Hentoff was fierce in his denunciation of such ideas: “If there is a mandated right to reply to the press, who will administer that right? The government, of course. So the governmental decision to tell an editor what to print—an action hitherto forbidden by the First Amendment—could well be a political decision to favor the incumbent government.”

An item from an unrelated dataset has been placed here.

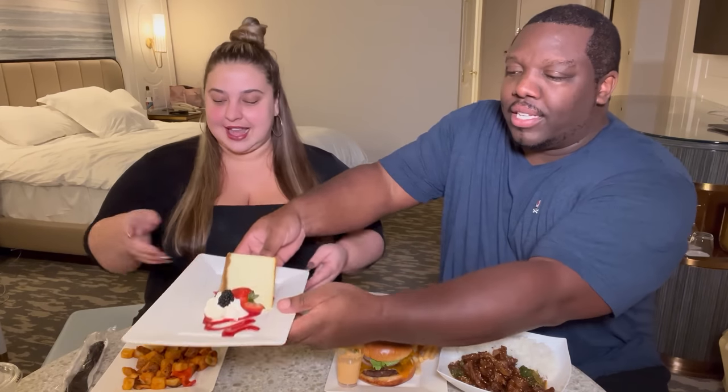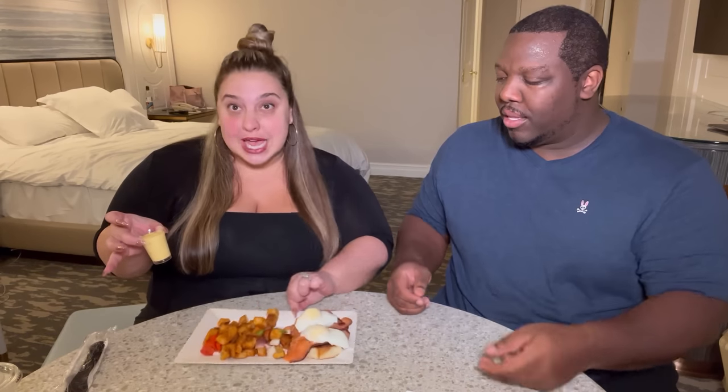In comparison to Aria and Mandalay Bay, we actually got more for the price here — about $100 last time and we couldn't even get dessert. So this is actually a better deal, which is surprising because the Bellagio is a pretty expensive hotel. We got smoked salmon eggs benedict, a burger, sesame beef, and cheesecake. Let's start with the eggs benedict.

As a journalist who relied on reporting and the facts, Hentoff would have been horrified by fake news but as a free speech warrior, he would fight for its right to not be suppressed by the government. As for Facebook’s recent efforts to combat fake news, by partnering with fact-checking organizations to identify fictitious stories and to warn users about them, those steps might not have bothered him so much if it wasn’t being done by Facebook. After all, since it’s the biggest platform in the world, it has an audience of a billion-plus users, far more than any news outlet and almost any government on the planet. Its role is so outsized that any effort to filter the news could be perceived as an attempt to chill dissent and opposing viewpoints. (Not to mention concerns about the ability of understaffed fact-checking organizations to take on this task and the fact that Facebook’s new system doesn’t apply to videos, memes, or photos.)
Yet is drawing a line between fact and fiction, by flagging such content, any different in essence from a newspaper labeling stories that are news, analysis, and opinion? Facebook is a private company and, much like most TV networks and newspaper publishers whose editors and publishers filter out content they consider objectionable or inaccurate, it has every right to treat such content differently.
Facebook and Twitter need to be very careful in how they proceed when it comes to “fake news”—just as their vast influence can spread unfounded rumors, it also means that overzealously clamping down on unacceptable voices has a greater impact and may stifle dissenting points of view. Along with erroneous stories about the Pope endorsing Trump, there’s also the risk that a cogent analysis employing exaggerated metaphors to make its point also gets caught up in the blacklist of fake news (such as one that suggests a potential papal endorsement as Trump’s dream scenario). And censoring even the craziest conspiracy theories, like Pizzagate, will just fuel their resurgence underground where they linger unchallenged, poisoning minds.
And it’s up to all of us to make sure that the government—whether the new Trump administration or your state and local elected officials—doesn’t stifle opposing viewpoints. Trump loves to attack the media and has expressed a willingness to “open up libel laws,” potentially making it easier for public figures to sue journalists who report on their misdeeds. And his wife, Melania, hired the same lawyer bankrolled by Trump adviser Peter Thiel to destroy Gawker, when she disputed a story in the Daily Mail. And there is concern that Trump could use the U.S. government’s vast information apparatus, from federal agencies’ public relations departments to the Voice of America to his own Twitter account, as a giant propaganda operation that is more focused on punishing his enemies and manipulating opinion than informing the public.
Nat would have been the first one to denounce such tendencies. Not because he was a partisan—he viciously criticized the Obama administration for its lack of transparency—but because he was a warrior for the First Amendment. As all of us should be.